◆ Problem requirements
Please repeat every record below exactly as written, but leave out the pictures.
Recorded information START
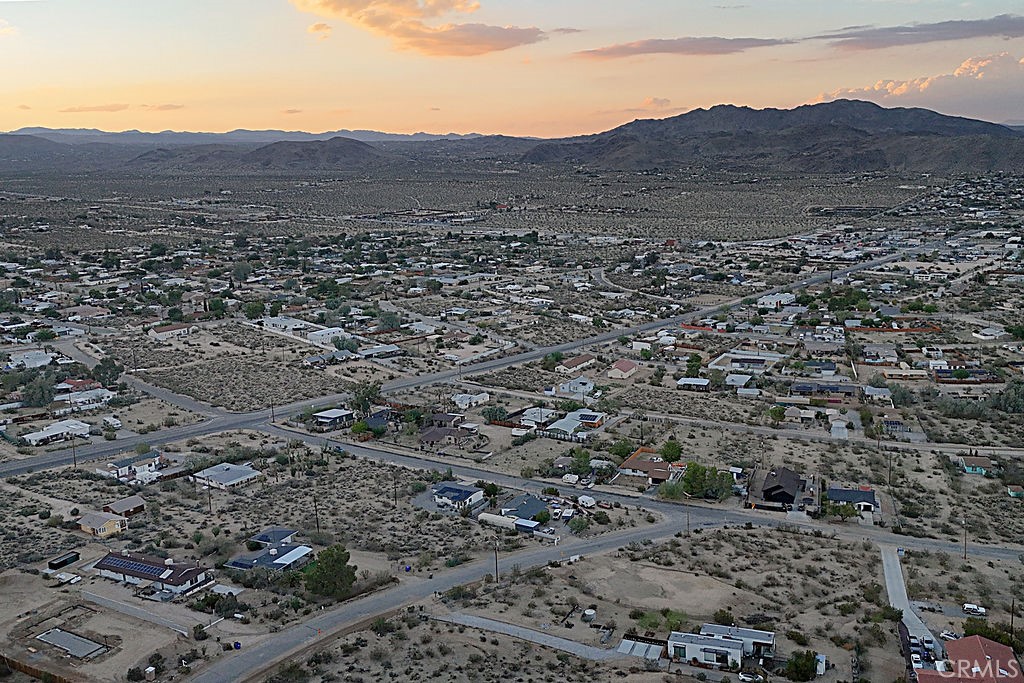 6935 Alturas Drive Joshua Tree, CA 92252 - Photo 35 of 35 Wonderfully situated to see snow capped mountains and the beautiful local hills.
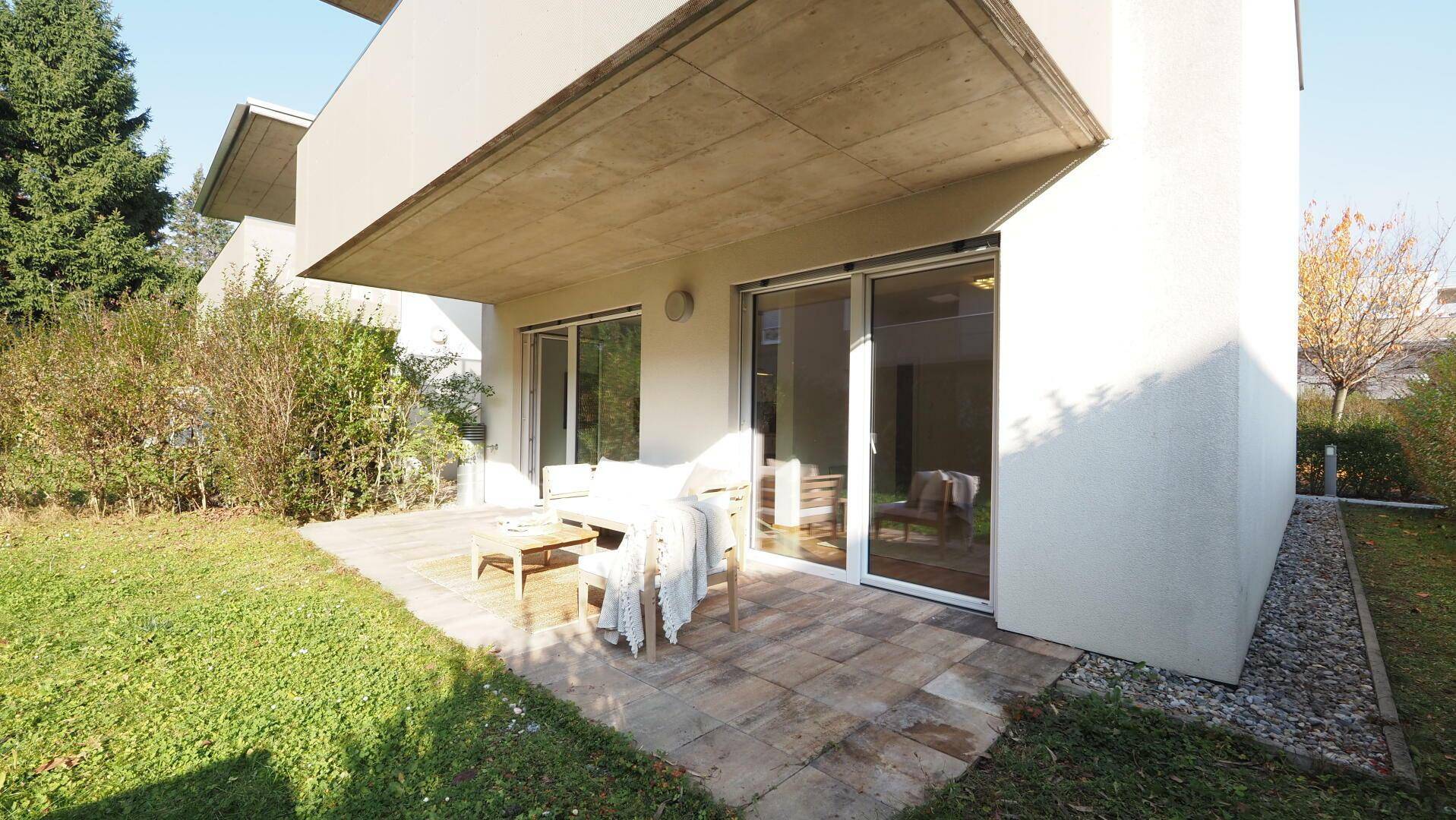 Sonniger Gartenbereich mit gepflasterter Terrasse und direktem Zugang zum Haus.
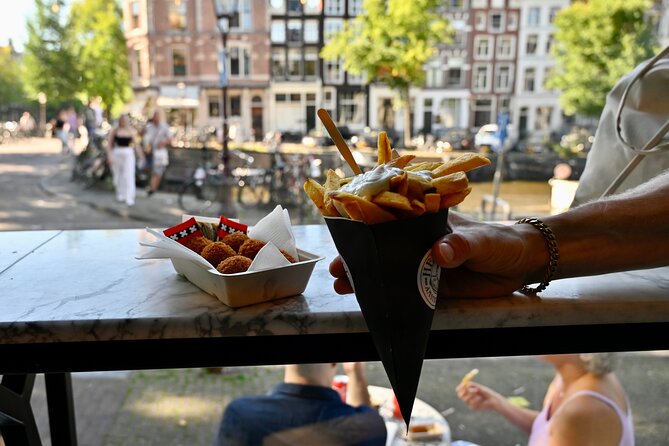 Amsterdam Private Food & Drinks Tour by UNESCO Canals & Jordaan - Chocolate at Puccini Bomboni and Dutch fries on the 9 Little Streets route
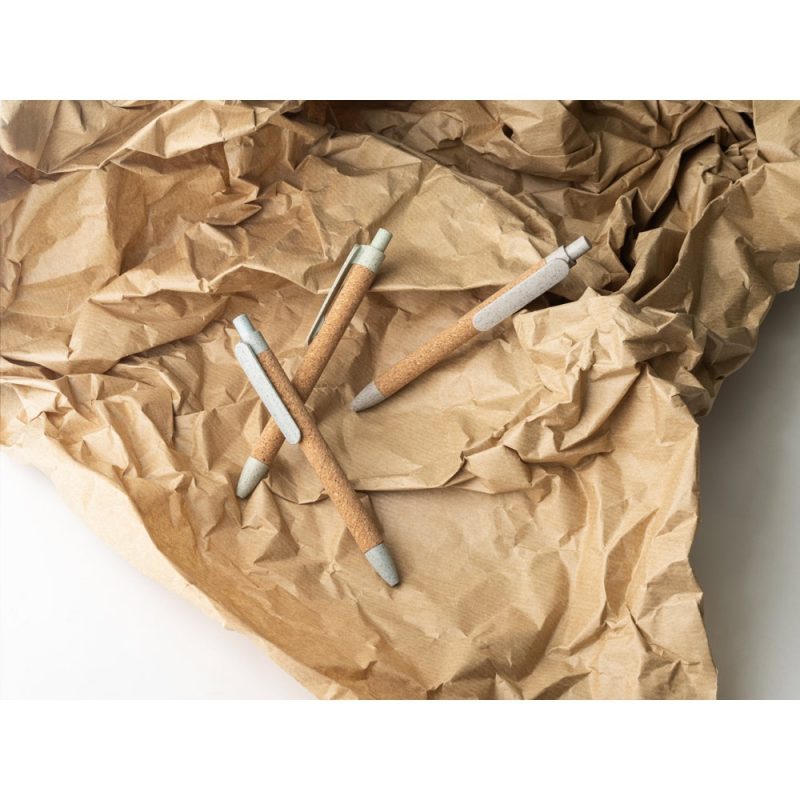 Eco-friendly pens on crumpled paper surface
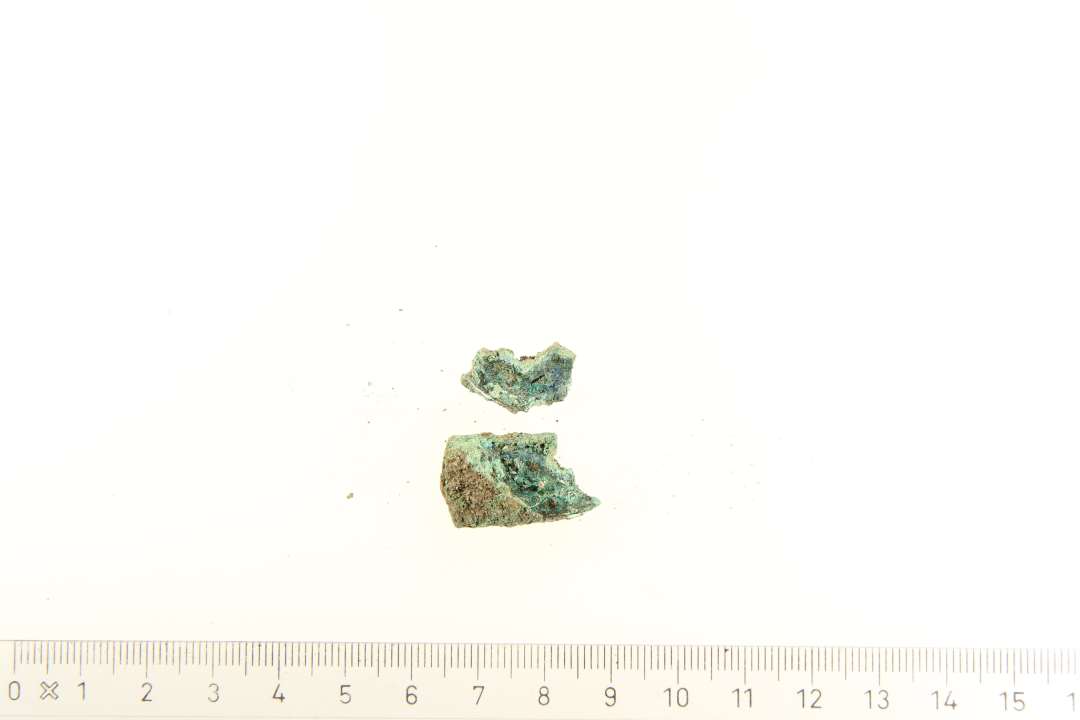 To små genstande af bronze, formentlig fragmenter af samme genstand. Den største af gentandene er lukket sammen i den ene side og nedbrudt i den anden. Der ses fine nittermærkninger, og kan tolkes som et fragment af et remendebeslag.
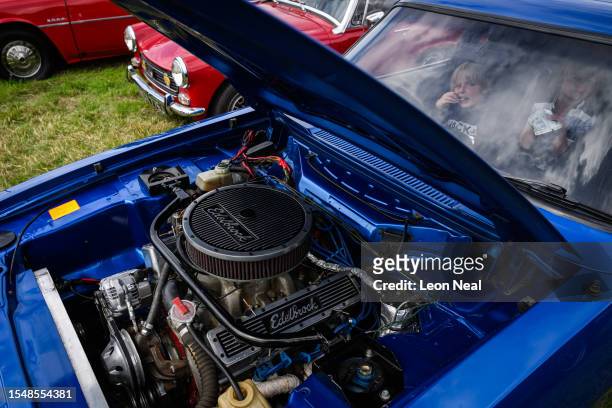 Chevrolet V8 360bhp engine is seen under the bonnet of a 1983 Ford Capri 5.7S during the annual classic car and motorcycle show on July 16, 2023 in...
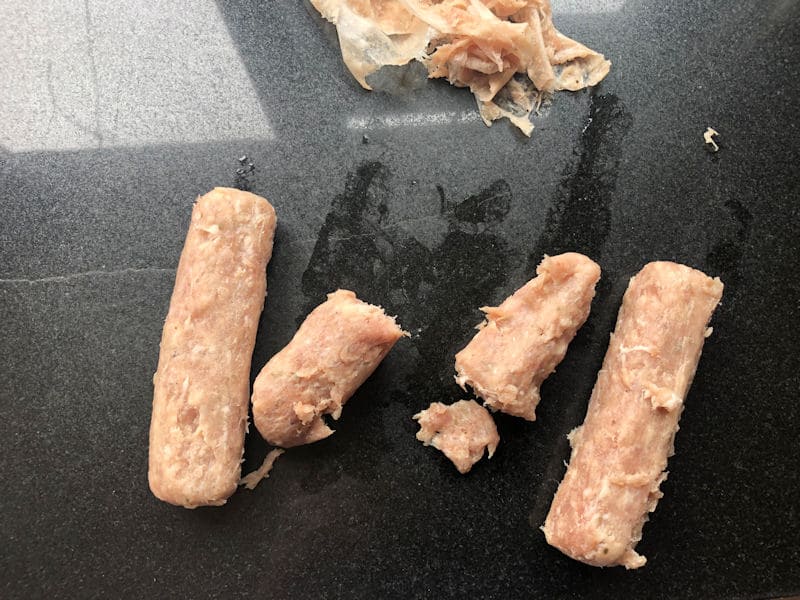 Raw sausages with casing cut off; casing peel near by on chopping board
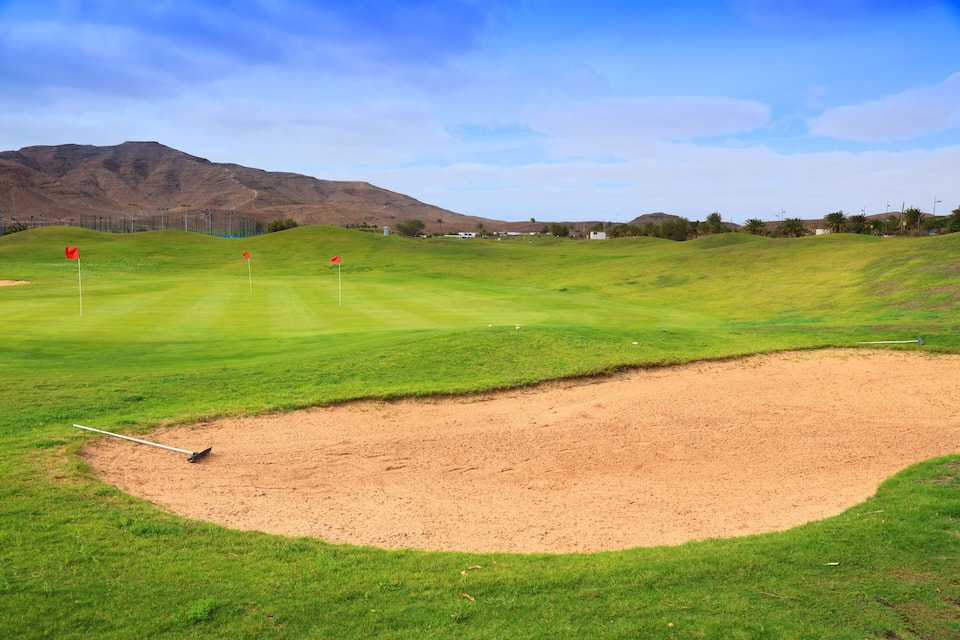 Un campo de golf con búnkeres de arena, banderas rojas y montañas al fondo.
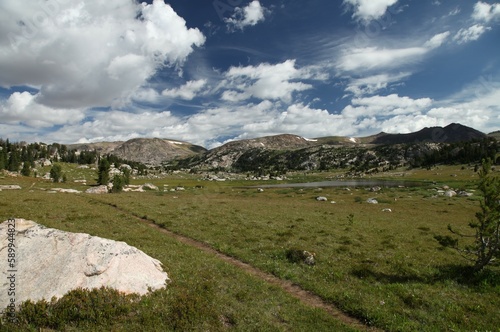 Dirt hiking trail by a subalpine lake in Beartooth Mountains, Wyoming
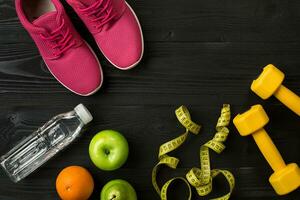 Workout plan with fitness food and equipment on dark background, top view photo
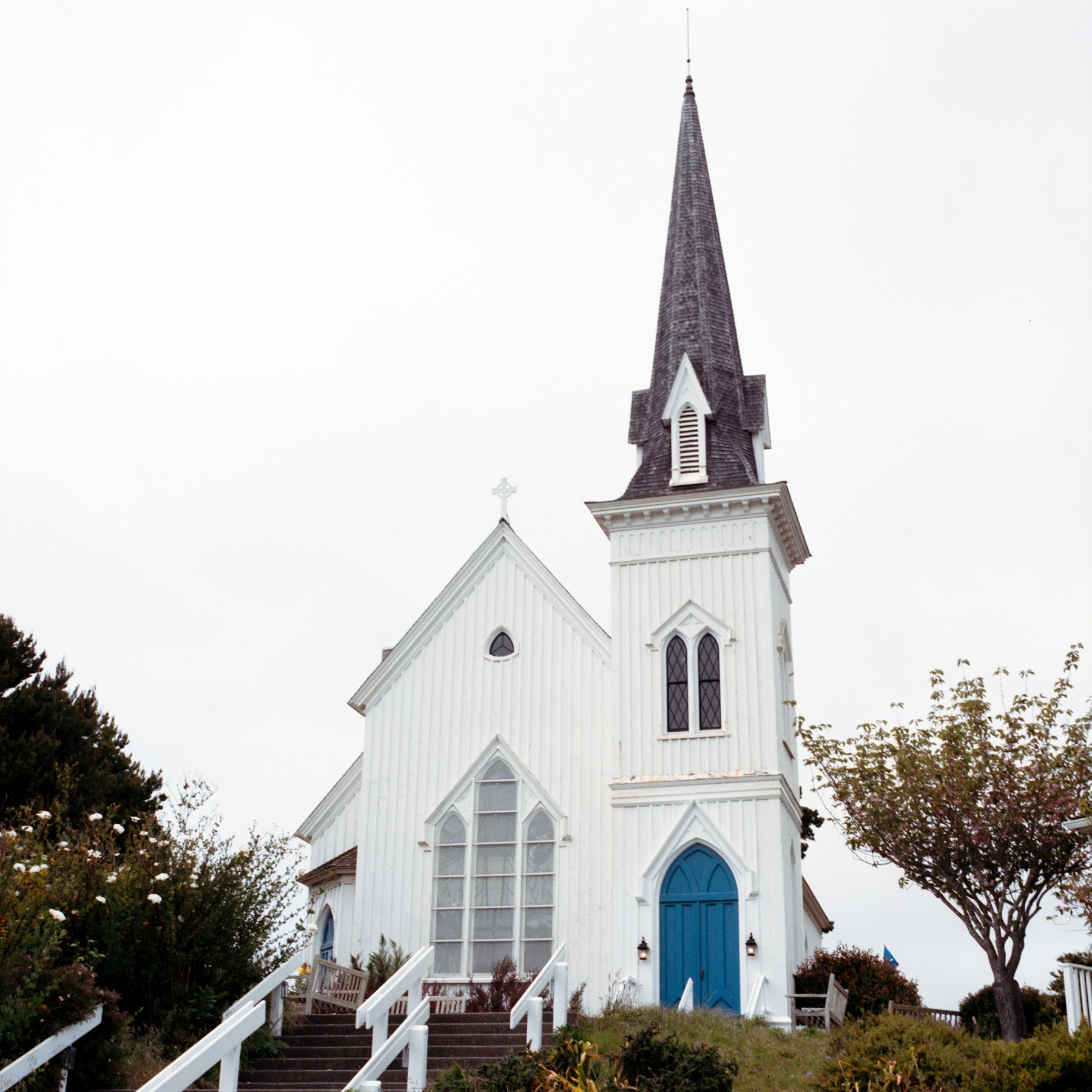 A white church with a tall steeple and a blue door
Recorded information END
◆ Exercise response
 6935 Alturas Drive Joshua Tree, CA 92252 - Photo 35 of 35 Wonderfully situated to see snow capped mountains and the beautiful local hills.
 Sonniger Gartenbereich mit gepflasterter Terrasse und direktem Zugang zum Haus.
 Amsterdam Private Food & Drinks Tour by UNESCO Canals & Jordaan - Chocolate at Puccini Bomboni and Dutch fries on the 9 Little Streets route
 Eco-friendly pens on crumpled paper surface
 To små genstande af bronze, formentlig fragmenter af samme genstand. Den største af gentandene er lukket sammen i den ene side og nedbrudt i den anden. Der ses fine nittermærkninger, og kan tolkes som et fragment af et remendebeslag.
 Chevrolet V8 360bhp engine is seen under the bonnet of a 1983 Ford Capri 5.7S during the annual classic car and motorcycle show on July 16, 2023 in...
 Raw sausages with casing cut off; casing peel near by on chopping board
 Un campo de golf con búnkeres de arena, banderas rojas y montañas al fondo.
 Dirt hiking trail by a subalpine lake in Beartooth Mountains, Wyoming
 Workout plan with fitness food and equipment on dark background, top view photo
 A white church with a tall steeple and a blue door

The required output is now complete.